◆ Your task ◆
Please copy exactly the part of the records below that opens with the line containing "Port Douglas Daintree" and closes with the line containing "flash'diag commercial", leaving out any pictures.

◆ Exercise inputs ◆
#####
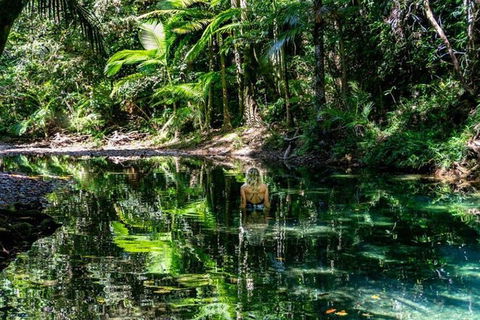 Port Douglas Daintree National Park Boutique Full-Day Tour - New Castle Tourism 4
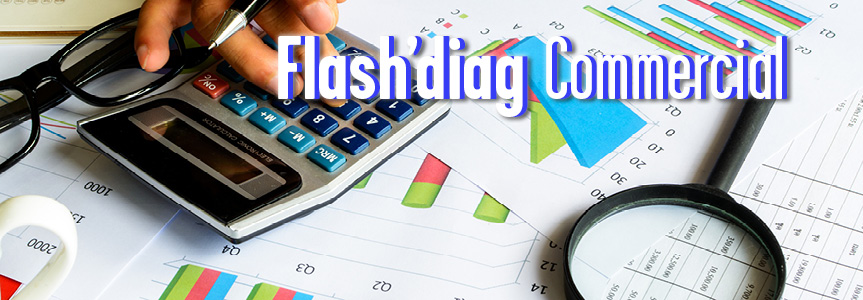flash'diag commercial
#####
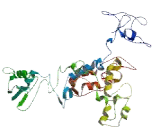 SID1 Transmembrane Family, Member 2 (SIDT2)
#####
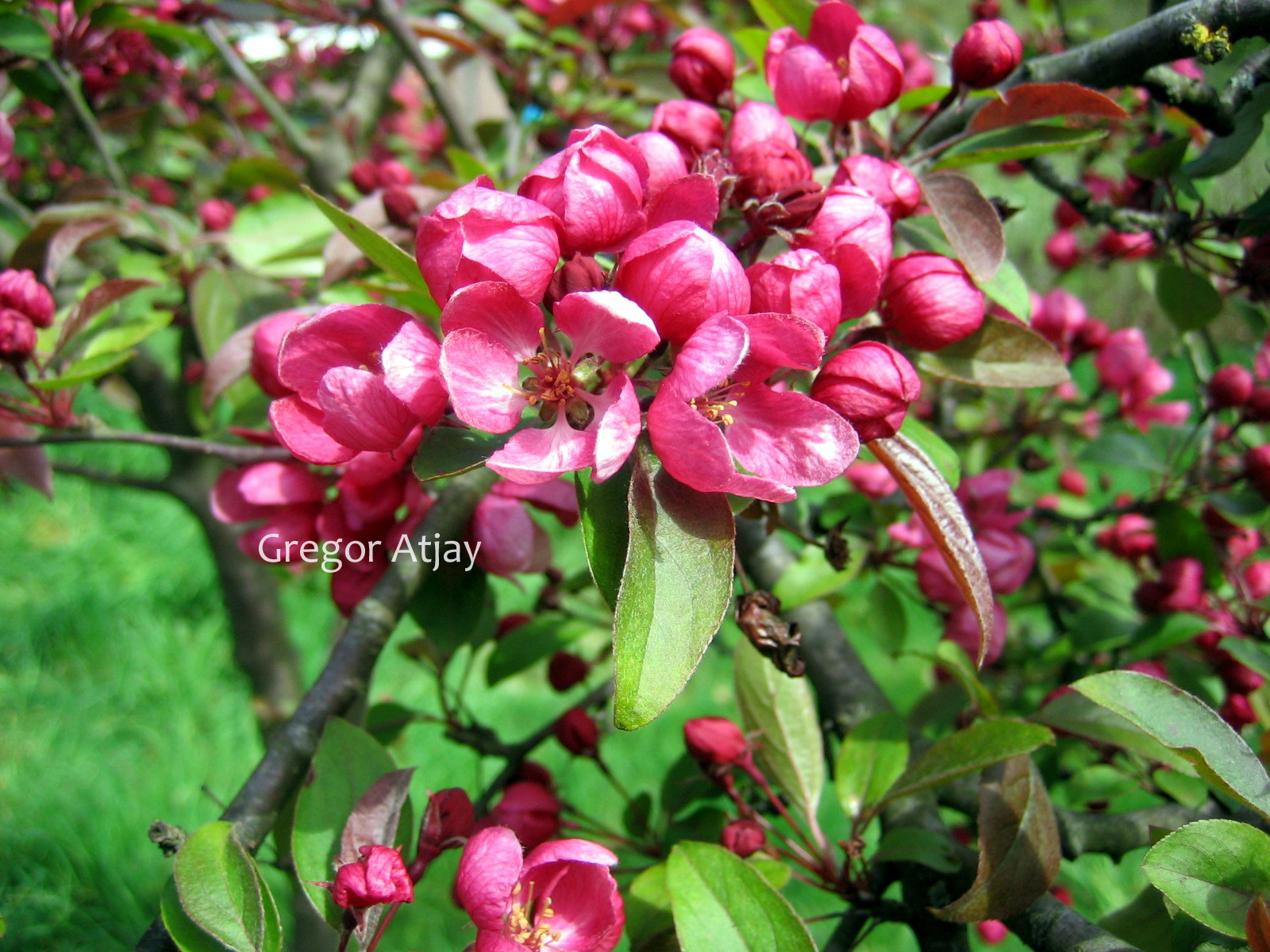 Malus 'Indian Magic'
#####
◆ Solution to this problem ◆
 Port Douglas Daintree National Park Boutique Full-Day Tour - New Castle Tourism 4
flash'diag commercial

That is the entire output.